This opinion will be unpublished and
may not be cited except as provided by
Minn. Stat. § 480A.08, subd. 3 (2000).
IN COURT OF APPEALS
In the Matter of the
Mary Greenwood for a name change
on behalf of Alyssa Hazlewood, a minor.
Reversed and remanded
Hennepin County District Court
File No. CN0014033
Robert A. McLeod, McLeod & Troy, PA., 2550 University Avenue, Suite 459S, St. Paul, MN 55114 (for appellant father)
Melanie A. Flores, Smith, Paulson, O’Donnell, & Associates, P.L.C., 207 South Walnut Street, P.O. Box 668, Monticello, MN 55362-0668 (for respondent mother)
Considered and decided by Toussaint, Presiding Judge, Crippen, Judge, and Anderson, Judge.
Appellant Stephen Mastey appeals from a trial court decision granting the petition of Respondent Mary Greenwood to change the surname of the child of the parties. Because the record is inadequate to permit review, we reverse and remand.
Respondent Mary Greenwood filed an application to change the surname of her daughter, A.H., from Hazlewood, respondent’s maiden name, to her married name. Appellant Stephen Mastey, A.H.’s natural father, objected and filed a competing application to change A.H.’s surname to Mastey.
The trial court conducted a hearing on December 12, 2000 off the record. The court granted respondent’s application, finding that the child’s best interests were served by this change of name. On appeal, appellant argues that the trial court improperly applied Minnesota law, failed to make adequate findings, and clearly erred in its findings.

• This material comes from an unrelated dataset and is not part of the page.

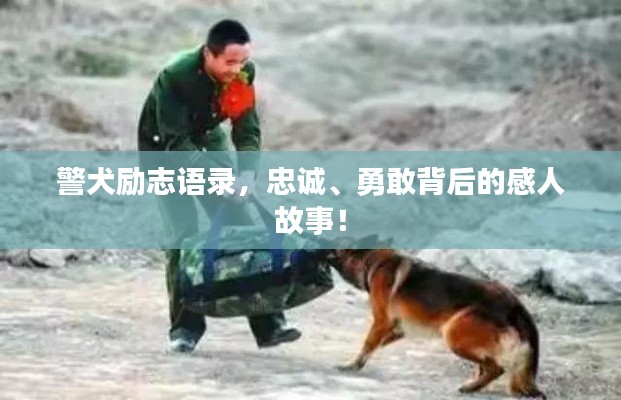 警犬励志语录，忠诚、勇敢背后的感人故事！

ANDERSON, Judge (concurring specially)
I reluctantly concur in the majority disposition, only because I am persuaded that father - appellant did not have an adequate opportunity to present and argue his counter petition to change the minor child’s surname to his surname.
But it is important to understand the circumstances at issue here. Father and mother were never married. The minor child has never used father’s surname. Both parties agree that it makes sense to change the surname of the child, given that it is a name no longer used by either parent. While father would have us believe that the name change requested by mother will have some unarticulated, as yet unknown, negative bearing on the relationship between the minor child and himself, the district court here found that “[the child] seems to be fully capable of understanding who her natural parents are no matter what name she takes.” While the record may be wholly unsatisfactory in other respects, that finding is not disputed by anyone.

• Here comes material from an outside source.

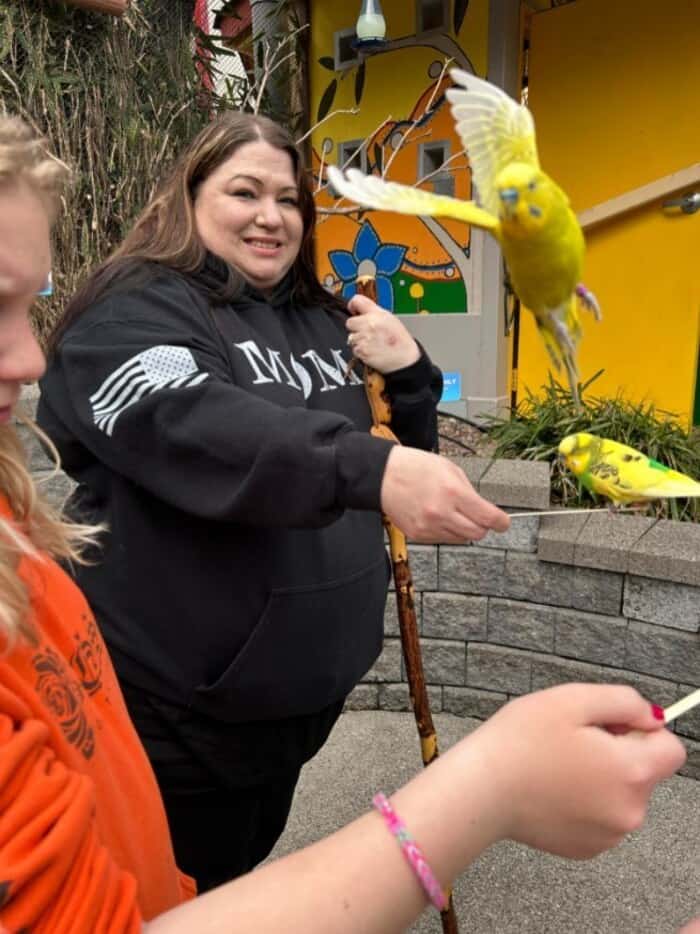 An action-packed animals photobombing moment capturing a yellow parakeet flying directly into the camera lens, blurring the shot while a woman smiles in the background.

Father makes the statement in his brief that “[t]o change Alyssa’s name to Greenwood would only weaken the bond Alyssa shares with her father.” Father offers no evidence, either by way of offer of proof in the district court, or by argument to this court, that such is the case. Further, although father cites as authority the seminal case on name-change disputes between custodial and non-custodial parents, Robinson v. Hansel, 302 Minn. 34, 223 N.W.2d 138 (1974), father leaves unsaid the fact that in Robinson all four children bore the noncustodial father’s name and all were children of the marriage. Id. at 35, 223 N.W.2d 140.
Robinson does not apply where the biological parents were not married and it is time to affirmatively recognize this reality. See Aitkin County Family Serv. Agency v. Girard, 390 N.W.2d 906, 908 (Minn. App. 1986) (questioning the weight of Robinson in cases where the biological parents were never married).
The supreme court correctly recognized that a name-change petition, where the minor child is born of a marriage and carries the nonmoving party’s name, has serious implications for the relationship between the nonmoving parent and the child. Robinson, 302 Minn. 35-36, 223 N.W.2d 140. But those concerns are usually not present in the sad, but increasingly common, circumstances we find here – nearly thirty years after Robinson – children born and raised without the benefit of married parents.
I do not mean to suggest by this concurring opinion that there are no circumstances under which a never-married father might argue that a child should properly bear his name. Nor do I suggest that the change of name has anything to do with the father’s rights to unimpeded visitation and to fully participate in his daughter’s life; there is at least a hint in the record that mother may not have been fully cooperative in this regard.
It is very difficult to imagine circumstances justifying a change to father’s surname; but by virtue of the majority decision here, and properly so, appellant will have the opportunity to produce evidence on this point, if evidence is to be had.